Scyld ClusterWare HPC: User's Guide
<< Previous	Scyld ClusterWare Overview	Next >>

Scyld ClusterWare Technical Summary

Scyld ClusterWare presents a more uniform system view of the entire cluster to both users and applications through extensions to the kernel. A guiding principle of these extensions is to have little increase in both kernel size and complexity and, more importantly, negligible impact on individual processor performance.

In addition to its enhanced Linux kernel, Scyld ClusterWare includes libraries and utilities specifically improved for high-performance computing applications. For information on the Scyld libraries, see the Reference Guide. Information on using the Scyld utilities to run and monitor jobs is provided in the Chapter called Interacting With the System and the Chapter called Running Programs. If you need to use the Scyld utilities to configure and administer your cluster, see the Administrator's Guide.

Top-Level Features of Scyld ClusterWare

The following list summarizes the top-level features of Scyld ClusterWare.

Security and Authentication. With Scyld ClusterWare, the master node is a single point of security administration and authentication. The authentication envelope is drawn around the entire cluster and its private network. This obviates the need to manage copies or caches of credentials on compute nodes or to add the overhead of networked authentication. Scyld ClusterWare provides simple permissions on compute nodes, similar to Unix file permissions, allowing their use to be administered without additional overhead.

Easy Installation. Scyld ClusterWare is designed to augment a full Linux distribution, such as Red Hat Enterprise Linux (RHEL) or CentOS. The installer used to initiate the installation on the master node is provided on an auto-run CD-ROM. You can install from scratch and have a running Linux HPC cluster in less than an hour.

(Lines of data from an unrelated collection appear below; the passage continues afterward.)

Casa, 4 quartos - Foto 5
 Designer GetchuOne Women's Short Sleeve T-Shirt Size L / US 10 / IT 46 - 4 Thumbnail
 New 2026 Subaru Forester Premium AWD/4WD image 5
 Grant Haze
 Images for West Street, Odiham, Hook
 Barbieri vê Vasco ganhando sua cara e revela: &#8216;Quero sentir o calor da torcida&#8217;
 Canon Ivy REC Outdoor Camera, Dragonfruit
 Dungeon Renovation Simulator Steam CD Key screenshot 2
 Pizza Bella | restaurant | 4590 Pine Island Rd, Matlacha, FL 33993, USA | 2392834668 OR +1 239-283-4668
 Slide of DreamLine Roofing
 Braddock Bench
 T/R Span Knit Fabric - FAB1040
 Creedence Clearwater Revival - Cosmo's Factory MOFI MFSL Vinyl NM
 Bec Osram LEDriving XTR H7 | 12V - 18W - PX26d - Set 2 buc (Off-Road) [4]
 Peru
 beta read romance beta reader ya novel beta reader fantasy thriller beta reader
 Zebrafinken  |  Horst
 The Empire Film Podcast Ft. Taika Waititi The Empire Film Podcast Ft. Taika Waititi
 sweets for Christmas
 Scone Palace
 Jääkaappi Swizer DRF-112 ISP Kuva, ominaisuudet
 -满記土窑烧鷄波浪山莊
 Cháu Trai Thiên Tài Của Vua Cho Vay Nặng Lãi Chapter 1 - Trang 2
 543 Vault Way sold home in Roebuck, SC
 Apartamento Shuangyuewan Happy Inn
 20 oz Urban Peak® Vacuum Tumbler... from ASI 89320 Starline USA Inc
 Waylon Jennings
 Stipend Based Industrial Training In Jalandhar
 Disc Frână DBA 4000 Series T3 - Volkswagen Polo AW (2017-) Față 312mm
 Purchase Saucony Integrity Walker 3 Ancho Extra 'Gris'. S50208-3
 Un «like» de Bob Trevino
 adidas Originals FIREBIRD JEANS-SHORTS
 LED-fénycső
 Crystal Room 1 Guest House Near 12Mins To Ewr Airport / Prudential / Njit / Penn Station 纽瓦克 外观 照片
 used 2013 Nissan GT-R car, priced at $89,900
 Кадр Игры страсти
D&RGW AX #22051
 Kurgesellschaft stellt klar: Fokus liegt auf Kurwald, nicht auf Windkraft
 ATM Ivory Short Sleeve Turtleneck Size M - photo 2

See the Installation Guide for full details.

Install Once, Execute Everywhere. A full installation of Scyld ClusterWare is required only on the master node. Compute nodes are provisioned from the master node during their boot process, and they dynamically cache any additional parts of the system during process migration or at first reference.

Single System Image. Scyld ClusterWare makes a cluster appear as a multi-processor parallel computer. The master node maintains (and presents to the user) a single process space for the entire cluster, known as the BProc Distributed Process Space. BProc is described briefly later in this chapter, and more details are provided in the Administrator's Guide.

Execution Time Process Migration. Scyld ClusterWare stores applications on the master node. At execution time, BProc migrates processes from the master to the compute nodes. This approach virtually eliminates both the risk of version skew and the need for hard disks on the compute nodes. More information is provided in the section on process space migration later in this chapter. Also refer to the BProc discussion in the Administrator's Guide.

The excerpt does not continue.